Gregorio Montes de Oca’s college career has been bookended by virulent debates over illegal immigration.
As a freshman, he joined other students in marching more than 10 miles from Arizona State University’s campus here to the state Capitol, in Phoenix, to protest Proposition 300, a ballot measure to bar undocumented immigrants from qualifying for in-state tuition or receiving state financial aid. When the measure passed, with 72 percent of the vote, he was “really let down,” but he didn’t stop being an activist.
This spring, just days before he took his final exams as a graduating senior, Mr. Montes de Oca joined eight other students in chaining themselves to the Capitol’s doors. This time they were marking their opposition to a new law that expands the state’s role in immigration enforcement. The “Capitol Nine” were arrested, although the charges were later dropped because they had been incorrectly filed.
Mr. Montes de Oca was born in the United States, but his parents, migrant workers, came to the country from Mexico illegally and received citizenship through a Reagan-era amnesty plan. His fellow students, he says, “shouldn’t have to worry about getting deported on the way to class.”
If Mr. Montes de Oca has spent nearly as much time over the past four years on political action as he has on his double major, in political science and Chicano studies, it is because Arizona has been ground zero in the heated national immigration debate. The latest law, which allows police to check the immigration status of people they suspect are illegal immigrants when they have been stopped for another reason, is set to take effect July 29, barring the success of court challenges—of which there are many. The federal government is among those filing suit.
While the measure, unlike Proposition 300, is not specifically directed at students, the response to it on Arizona campuses is indicative of how colleges, in the state and elsewhere, have become a fulcrum in the dispute over how to tackle the country’s immigration concerns.
A three-decades-old U.S. Supreme Court decision prevents elementary and secondary schools from considering immigration status when students seek to enroll. Because the ruling does not apply to colleges, they have become a flashpoint, both for those who want to extend benefits to undocumented students and for those who want to block them.
In Arizona, the steady stream of controversy could also prove to be a blow to the state’s higher-education brand, undercutting the ambitions of its research universities to position themselves as world-class—as well as diverse and welcoming—institutions.
There is little evidence thus far that the latest measure has affected college recruitment.
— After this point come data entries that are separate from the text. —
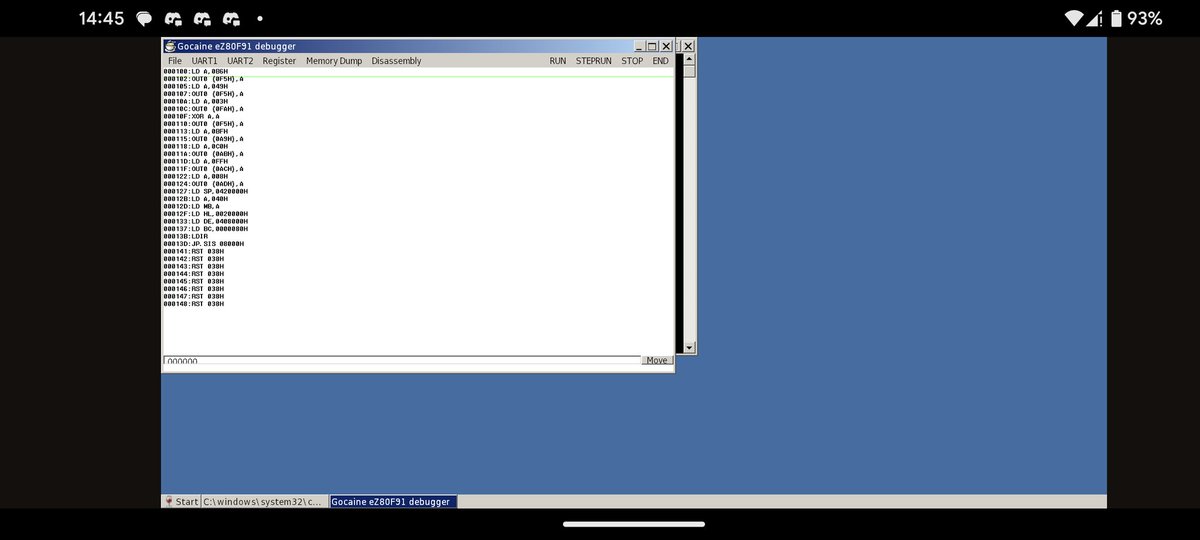 hiroki7v11's tweet image. I made #eZ80 #disassembler for Gocaine eZ80F91 #debugger!
And I implemented ASCII char viewer for memory dump!
#Z80 #8Bit #Emulator
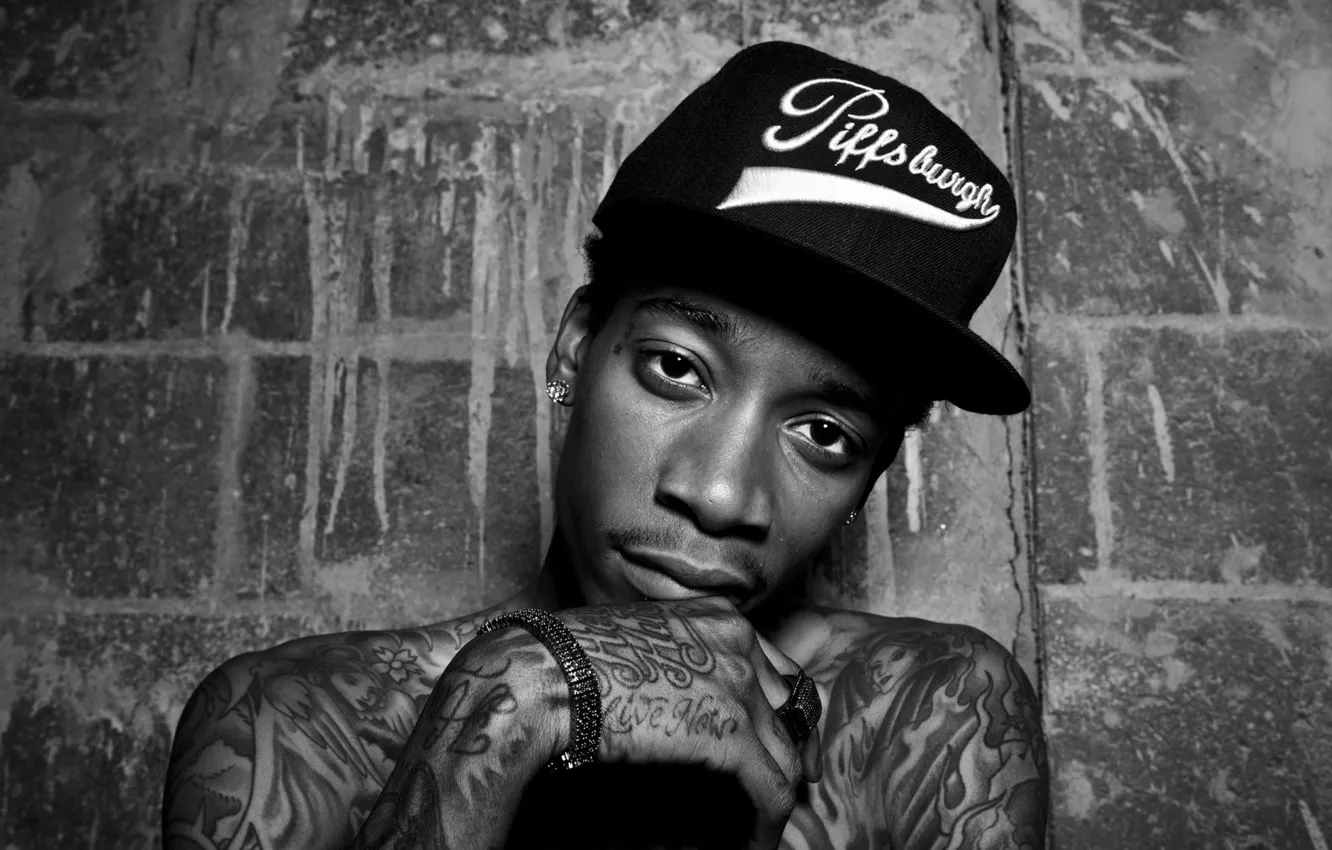 Photo wallpaper music, cap, guy, singer, rapper, rap, Cameron Jibril Thomaz, Wiz Khalifa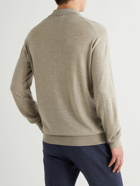 Kingsman - Virgin Wool Polo Shirt - Neutrals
But it has sparked worries that it could scare off promising minority and international students and scholars, fearful of becoming targets, as one student activist put it, for being “a little bit brown.”
The cumulative effect of the intimidation that some associate with Arizona’s immigration measures could also be a setback for a state that very much needs to build up its economy through education as its Hispanic population explodes. Between 2000 and 2006, the number of Hispanic residents in the state swelled 20 percent, according to the Pew Hispanic Center, far faster than the national growth rate of 6 percent.
Negative reactions to Arizona’s anti-immigration measures can frame students’ thinking about the state, says Angel Cabrera, president of the Thunderbird School of Global Management, an international business school located in Glendale, outside Phoenix.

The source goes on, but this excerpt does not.